Sylvia Lorena, gerente de Relações do Trabalho da CNI
Quais os impactos da terceirização no mercado de trabalho e na economia?
Não temos dados específicos, mas fizemos uma sondagem que nos mostrou o quanto a regulamentação é importante para as empresas. Até agora, o maior obstáculo era a falta de um marco legal que estabelecesse segurança jurídica. Tínhamos apenas uma súmula da Justiça do Trabalho que permitia a terceirização apenas da atividade-meio.
De que forma a terceirização da atividade-fim beneficia as empresas?
Nunca houve definição do que é atividade-meio e do que é atividade-fim. Isso faz parte da estratégia das empresas. O que é meio para uma pode ser fim para outra. Uma indústria de suco de laranja, por exemplo, precisa plantar e colher a fruta. Esse serviço é atividade-meio ou fim? Existe jurisprudência dizendo que é fim, o que impede a indústria de contratar um pequeno agricultor para plantar e colher as laranjas. A regulamentação coloca fim nessa discussão e beneficia a empresa porque faz da terceirização uma forma de gestão do próprio processo produtivo. O empresário escolhe o que vai fazer por conta própria.
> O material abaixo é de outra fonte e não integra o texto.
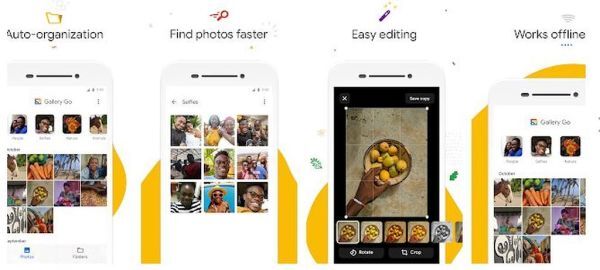 Google ra mắt Gallery Go thay thế Google Photos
Quais são os efeitos para o trabalhador?
A terceirização já é uma realidade hoje no Brasil. Nenhuma empresa faz nada sozinha. Com uma legislação mais clara e objetiva, teremos um melhor ambiente de negócios. A regulamentação gera investimentos e mais e melhores empregos. Uma empresa competitiva produz mais e precisa de mais colaboradores. Além do mais, não se exclui a proteção dos trabalhadores, que continuarão com carteira assinada, 13º, férias e FGTS.
A terceirização não favorece a contratação de trabalhadores na forma de pessoa jurídica, a chamada pejotização?
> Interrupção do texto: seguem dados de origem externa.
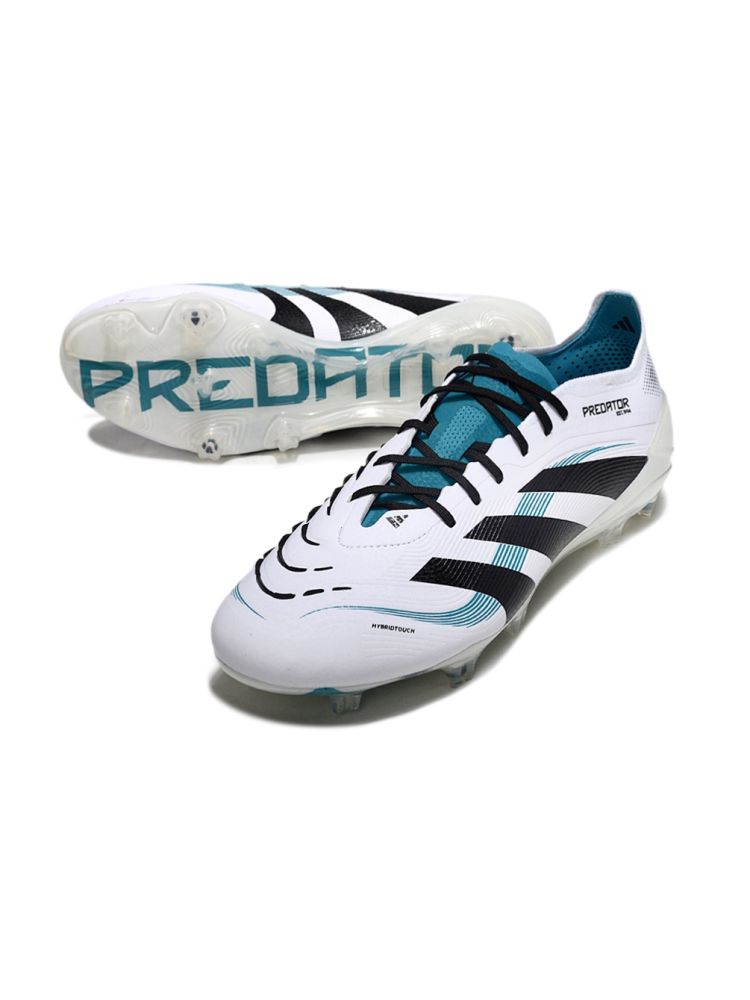 adidas Predator Elite FG White Black Green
A terceirização não é intermediação de mão de obra, nem pejotização. É uma parceria pela qual você transfere para outra empresa parte do processo produtivo. Você contrata um serviço. Não favorece a pejotização, até porque ela já existe. Pela terceirização, a micro ou pequena empresa contratada tem autonomia para exercer o serviço. Já um PJ, se está cumprindo horário, obedecendo ordens e tem vínculo de subordinação com a empresa contratante, é fraude trabalhista. Os parâmetros da relação precisam estar claros no contrato de prestação de serviço.
A terceirização pode gerar um número maior de contratos temporários?
O trabalhador vai exercer sua profissão normalmente e talvez até permanecer mais tempo no emprego. Veja o exemplo de alguém que é contratado por uma construtora para erguer um edifício. Trata-se de uma obra feita em etapas. Se ele trabalha na fundação, vai ficar só no início da obra e depois será dispensado. Agora, se você for de uma empresa terceirizada, terá um contrato muito mais duradouro e irá se especializar na função, saindo de uma obra para outra.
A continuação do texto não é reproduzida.